From Francis Darwin to Emma Darwin   [after 16 October 1868]1

Union Society, Cambridge

Dear Mama

This letter is going to be chiefly devoted to beetles & business   Will you Please send my tennis shoes   they are in the cupboard in my room, (not the spiked shoes)   also I should very much like the bottle of beetles that I left on the side board.

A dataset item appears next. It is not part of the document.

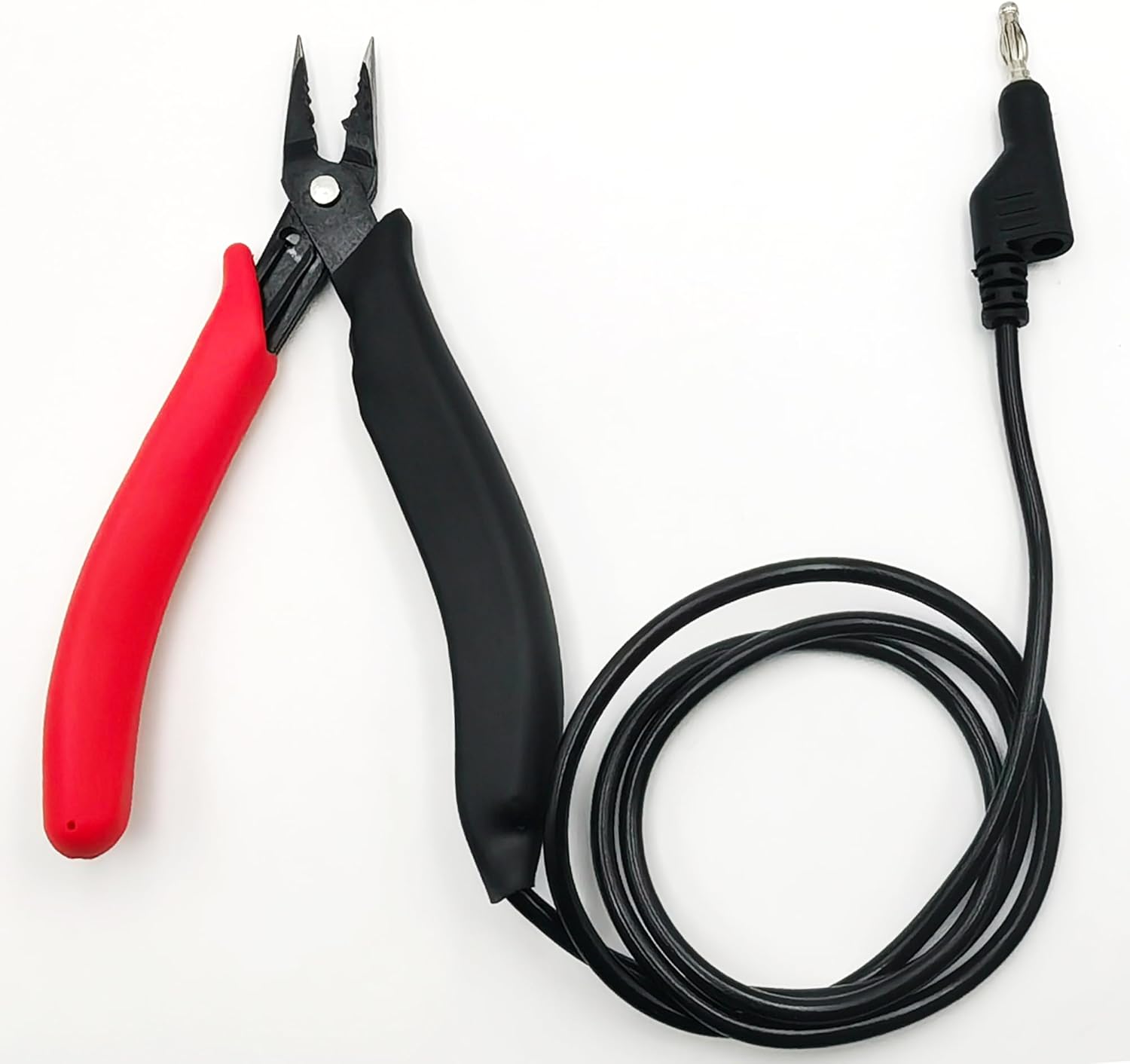 Grounded Pliers for Permanent Jewelry – Precision Fine Chain Welding Tool with 3ft Cable & Banana Connector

You will be pleased to hear that the Marquis of Salisbury is going to take Holwood next winter probably in January for 6 Months

Cecil went down there to look at it & liked it very much2   I had a long work with Crotch to day at stridulation,3 & we are going to send a box of preparations to papa; from what we can make out the sexual theory seems very shaky4   we have found a new long horn which is like Prionus in having no stridular5 but it is very distinct from it in other respects  

We are still puzzled by Cychrus as the groove in the outer edge of the elytra where Crotch thought it was seems very vaguely rasped.6 He will send the sexes of two kinds of Curculionidæ, (one the Canary one).7 There is a new form of rasp in Clytus & the Lepturidæ two ridges instead of one,8 but they are in usual place on the meso thorax; also a very curious water beetle with a rasp on the elytra,9 and a beautiful Longicorn with a rasp so fine as to appear prismatic.10 all these are on card

Yr affec son | F Darwin

I hope you are better now— I have let this set on into the back of its neck to tell you I will write a less beetley letter soon

CD annotations

1.1 This … respects 2.5] crossed pencil

Footnotes

The date is established by Francis Darwin’s return to Trinity College, Cambridge, on 16 October 1868; he had left on 31 July 1868 (Trinity College, Cambridge, Exit and Redit books).
Holwood Park was 112 miles north of Down in the parish of Keston. Robert Arthur Talbot Gascoyne-Cecil, Viscount Cranborne, succeeded his father as third marquess of Salisbury on 12 April 1868. Francis probably also refers to the marquess’s half-brother, Sackville Arthur Cecil, who was then a student with him at Trinity College, Cambridge. The previous resident of Holwood Park, Robert Monsey Rolfe, Lord Cranworth, had died in July 1868 (ODNB).
George Robert Crotch had already corresponded with CD on stridulating beetles; see letter from G. R. Crotch, 2 October [1868] and n. 3.
After finding that stridulating organs in some Orthoptera and Homoptera differed according to sex, CD had initially expected the same to be true of Coleoptera (see Descent 1: 382). Crotch did not generally find this to be true of the specimens he sent to CD; however, he and CD later found several that differed according to sex (see ibid., pp. 383–5). See also letter to Fritz Müller, 3 June 1868, and letter from B. D. Walsh, 29 August 1868.
Prionus is a member of the Cerambycidae, the longhorn beetles. On the stridulating organs of ‘Longicornia’, see Descent 1: 380.
CD later concluded that while Cychrus emitted a sound, it did not have a true rasp (see Descent 1: 382).
See memorandum from G. R. Crotch, [after 16 October 1868]. For Crotch’s account of finding these insects, see DAR 81: 123. In Descent 1: 384, CD cited Crotch for information on stridulation in specimens of the genus Acalles (in the weevil family Curculionidae) found in the Canary Islands.
CD described parallel rasps in Descent 1: 378–9, and included an engraving of a beetle with the two rasps. The family Cerambycidae (then Lepturidae) includes Clytus.
CD described the stridulating organ on the elytra of Pelobius hermanni (now Hygrobia hermanni), a water beetle (Dytiscidae), in Descent 1: 380; see memorandum from G. R. Crotch, [after 16 October 1868] and n. 8.
Citing Hermann Landois, CD mentioned the ‘very fine ribs’ on the rasp of Cerambyx heros (now C. cerdo), a longhorn beetle, in Descent 1: 380.

Bibliography

Descent: The descent of man, and selection in relation to sex. By Charles Darwin. 2 vols. London: John Murray. 1871.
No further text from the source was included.